Recent research from King‘s College London Institute of Psychiatry (London, UK) has provided fresh insight into the significance of DNA methylation in the development of the major psychoses schizophrenia (SZ) and bipolar disorder (BD). The study, published online in September 2011 in the journal Human Molecular Genetics, was the first to compare genome-wide DNA methylation in sets of monozygotic (MZ) twins discordant for SZ and BD. The findings confirmed the importance of epigenetic alterations in the etiology of SZ and BD, and potentially offer novel therapeutic targets for future antipsychotic development.
In the study, multiple loci demonstrated psychosis-associated DNA methylation differences, with a region in the ST6GALNAC1 promoter demonstrating the most significant methylation differences between affected and unaffected individuals. This locus overlaps with a previously reported genetic abnormality associated with SZ. Analysis of DNA methylation in postmortem brain tissue from psychosis patients confirmed that this region exhibits significant hypomethylation in some affected individuals.

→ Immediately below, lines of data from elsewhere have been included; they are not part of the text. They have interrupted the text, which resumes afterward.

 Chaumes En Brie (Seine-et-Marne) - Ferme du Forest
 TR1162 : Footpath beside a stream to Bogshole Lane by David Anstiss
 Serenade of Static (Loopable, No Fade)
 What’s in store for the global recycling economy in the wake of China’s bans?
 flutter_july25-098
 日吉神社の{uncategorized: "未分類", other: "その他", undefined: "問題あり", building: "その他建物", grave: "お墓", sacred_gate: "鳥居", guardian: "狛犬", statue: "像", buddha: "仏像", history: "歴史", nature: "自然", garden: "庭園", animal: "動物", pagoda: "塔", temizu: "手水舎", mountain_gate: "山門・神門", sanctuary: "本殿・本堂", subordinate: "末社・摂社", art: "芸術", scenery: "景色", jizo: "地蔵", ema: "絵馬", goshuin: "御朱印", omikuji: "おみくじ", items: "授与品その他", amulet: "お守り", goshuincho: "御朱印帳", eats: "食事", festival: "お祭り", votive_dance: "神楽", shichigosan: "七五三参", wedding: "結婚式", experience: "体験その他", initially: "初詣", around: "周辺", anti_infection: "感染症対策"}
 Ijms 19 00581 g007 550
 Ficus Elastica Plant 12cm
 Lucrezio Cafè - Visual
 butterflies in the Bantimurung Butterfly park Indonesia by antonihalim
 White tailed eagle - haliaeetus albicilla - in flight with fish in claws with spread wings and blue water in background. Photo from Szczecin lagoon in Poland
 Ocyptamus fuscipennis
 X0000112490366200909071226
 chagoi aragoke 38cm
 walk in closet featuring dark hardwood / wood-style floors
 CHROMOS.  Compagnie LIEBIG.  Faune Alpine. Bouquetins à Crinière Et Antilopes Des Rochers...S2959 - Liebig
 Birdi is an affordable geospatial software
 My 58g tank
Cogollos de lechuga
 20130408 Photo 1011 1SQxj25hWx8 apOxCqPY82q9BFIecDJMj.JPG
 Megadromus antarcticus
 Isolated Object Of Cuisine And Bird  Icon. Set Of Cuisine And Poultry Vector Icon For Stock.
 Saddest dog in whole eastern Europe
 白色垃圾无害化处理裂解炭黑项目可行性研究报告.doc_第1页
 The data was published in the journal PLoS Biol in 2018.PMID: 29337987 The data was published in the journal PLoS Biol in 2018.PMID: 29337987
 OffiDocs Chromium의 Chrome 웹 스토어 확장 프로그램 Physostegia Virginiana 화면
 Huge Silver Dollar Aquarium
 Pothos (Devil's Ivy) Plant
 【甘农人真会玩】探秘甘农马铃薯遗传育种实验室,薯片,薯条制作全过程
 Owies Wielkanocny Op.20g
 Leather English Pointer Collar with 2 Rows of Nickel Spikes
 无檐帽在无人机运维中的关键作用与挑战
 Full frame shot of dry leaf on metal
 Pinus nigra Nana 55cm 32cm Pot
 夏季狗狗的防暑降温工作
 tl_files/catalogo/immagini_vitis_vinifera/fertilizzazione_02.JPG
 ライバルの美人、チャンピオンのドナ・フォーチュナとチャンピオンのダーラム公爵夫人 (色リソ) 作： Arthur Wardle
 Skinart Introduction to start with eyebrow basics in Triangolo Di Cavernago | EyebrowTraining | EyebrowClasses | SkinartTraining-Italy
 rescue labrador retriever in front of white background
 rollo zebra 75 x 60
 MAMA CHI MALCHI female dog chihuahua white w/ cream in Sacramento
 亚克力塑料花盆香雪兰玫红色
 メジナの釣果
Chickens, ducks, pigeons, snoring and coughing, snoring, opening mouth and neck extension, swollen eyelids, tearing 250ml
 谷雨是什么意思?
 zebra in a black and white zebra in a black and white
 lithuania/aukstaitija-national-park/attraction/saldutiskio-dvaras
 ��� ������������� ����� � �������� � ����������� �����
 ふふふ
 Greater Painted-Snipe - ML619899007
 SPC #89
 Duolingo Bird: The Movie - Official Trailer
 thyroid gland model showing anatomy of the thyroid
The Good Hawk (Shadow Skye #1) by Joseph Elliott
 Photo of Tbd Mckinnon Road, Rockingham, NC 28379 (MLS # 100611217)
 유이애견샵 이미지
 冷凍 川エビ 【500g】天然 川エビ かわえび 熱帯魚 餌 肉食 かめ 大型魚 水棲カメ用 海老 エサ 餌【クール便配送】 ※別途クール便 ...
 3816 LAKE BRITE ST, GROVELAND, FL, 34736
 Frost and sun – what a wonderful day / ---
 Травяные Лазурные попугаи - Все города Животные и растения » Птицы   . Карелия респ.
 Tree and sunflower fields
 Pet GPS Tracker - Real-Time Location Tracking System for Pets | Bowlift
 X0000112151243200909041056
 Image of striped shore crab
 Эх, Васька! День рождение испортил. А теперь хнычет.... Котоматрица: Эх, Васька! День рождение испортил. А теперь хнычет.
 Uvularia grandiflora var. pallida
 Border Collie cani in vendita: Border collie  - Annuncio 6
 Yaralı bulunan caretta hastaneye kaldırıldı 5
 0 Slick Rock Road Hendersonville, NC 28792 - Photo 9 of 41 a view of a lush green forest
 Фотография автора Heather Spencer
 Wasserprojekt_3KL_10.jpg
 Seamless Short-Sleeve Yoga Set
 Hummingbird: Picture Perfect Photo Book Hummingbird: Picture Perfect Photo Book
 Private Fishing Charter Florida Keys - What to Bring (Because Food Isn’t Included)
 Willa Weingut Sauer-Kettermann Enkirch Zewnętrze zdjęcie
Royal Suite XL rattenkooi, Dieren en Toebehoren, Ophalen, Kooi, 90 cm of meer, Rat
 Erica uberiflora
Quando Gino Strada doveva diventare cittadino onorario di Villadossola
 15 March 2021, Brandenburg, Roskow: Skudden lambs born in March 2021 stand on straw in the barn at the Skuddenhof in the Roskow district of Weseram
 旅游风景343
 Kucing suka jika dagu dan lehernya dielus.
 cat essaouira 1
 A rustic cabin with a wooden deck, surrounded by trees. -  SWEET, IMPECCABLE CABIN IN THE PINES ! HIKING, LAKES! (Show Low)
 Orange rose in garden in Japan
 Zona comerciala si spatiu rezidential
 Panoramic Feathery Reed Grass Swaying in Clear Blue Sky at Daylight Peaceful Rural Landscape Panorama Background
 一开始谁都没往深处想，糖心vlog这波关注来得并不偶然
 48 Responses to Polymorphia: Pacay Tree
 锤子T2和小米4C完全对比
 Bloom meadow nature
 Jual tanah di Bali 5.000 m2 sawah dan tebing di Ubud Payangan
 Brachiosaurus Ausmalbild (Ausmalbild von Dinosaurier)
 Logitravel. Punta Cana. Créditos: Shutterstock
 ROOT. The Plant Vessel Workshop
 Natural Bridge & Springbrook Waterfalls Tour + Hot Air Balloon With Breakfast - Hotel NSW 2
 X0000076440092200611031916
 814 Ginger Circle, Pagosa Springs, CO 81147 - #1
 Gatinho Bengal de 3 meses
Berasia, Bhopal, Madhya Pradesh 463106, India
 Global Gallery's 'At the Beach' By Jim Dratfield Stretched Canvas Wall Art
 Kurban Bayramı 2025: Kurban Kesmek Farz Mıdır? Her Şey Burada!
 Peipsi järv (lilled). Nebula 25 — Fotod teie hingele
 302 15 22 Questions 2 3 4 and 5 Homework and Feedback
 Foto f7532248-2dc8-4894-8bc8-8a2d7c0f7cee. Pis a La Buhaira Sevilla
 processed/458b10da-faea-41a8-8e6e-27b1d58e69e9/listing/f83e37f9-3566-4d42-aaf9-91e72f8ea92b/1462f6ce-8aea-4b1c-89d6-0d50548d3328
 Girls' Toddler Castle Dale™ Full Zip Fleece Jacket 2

Studies have estimated heritability for SZ and BD to be approxiamtely 70%; however, MZ twin pairs exhibit disease concordance that is far from 100%, suggesting that nongenetic factors must play a significant role in disease etiology. “We studied a group of 22 identical twin pairs, so 44 individuals in all; one of the largest twin studies performed for any complex disease to date. In each twin pair, one had either SZ or BD disorder. Because we know that twins are genetically identical, we can rule out any genetic cause of illness in the affected twin – the aim of our study was to investigate epigenetic variations associated with these disorders,” explains Jonathan Mill, lead author of the study.
In this study, genome-wide analysis of DNA methylation on peripheral blood DNA samples from the MZ twin pairs was performed. This revealed disease-associated DNA methylation differences at numerous loci, not only between twins discordant for SZ and BD individually, but also as a combined major psychosis group. Mill et al. found that these epigenetic differences occurred at regions known to be directly associated with neurodevelopment and psychosis.
The most significant hypomethylation was found in the promoter region of ST6GALNAC1, which exhibited a mean DNA methylation difference of 6%; however, differences at this locus were highly heterogenous and found to be up to 20% in some twin pairs. Consequently, the King‘s College group studied DNA methylation in this region in an independent sample of postmortem brain tissue from psychosis patients and a control sample, discovering a hypomethylation value of over 25% in a subset of affected patients.
Mill summarizes: “Our findings suggest that it is not only genetic variations that are important. The epigenetic differences we see may tell us more about the causes or SZ and BD, as some alterations were specific to either disease. Importantly, epigenetic processes are potentially reversible meaning that our research could open up new avenues for the development of novel therapeutic drugs.”
– By Sarah Miller
Source: Dempster EL, Pidsley R, Schalkwyk LC et al. Disease-associated epigenetic changes in monozygotic twins discordant for schizophrenia and bipolar disorder. Hum. Mol. Genet. doi:10.1093/hmg/ddr416 (2011) (Epub ahead of print).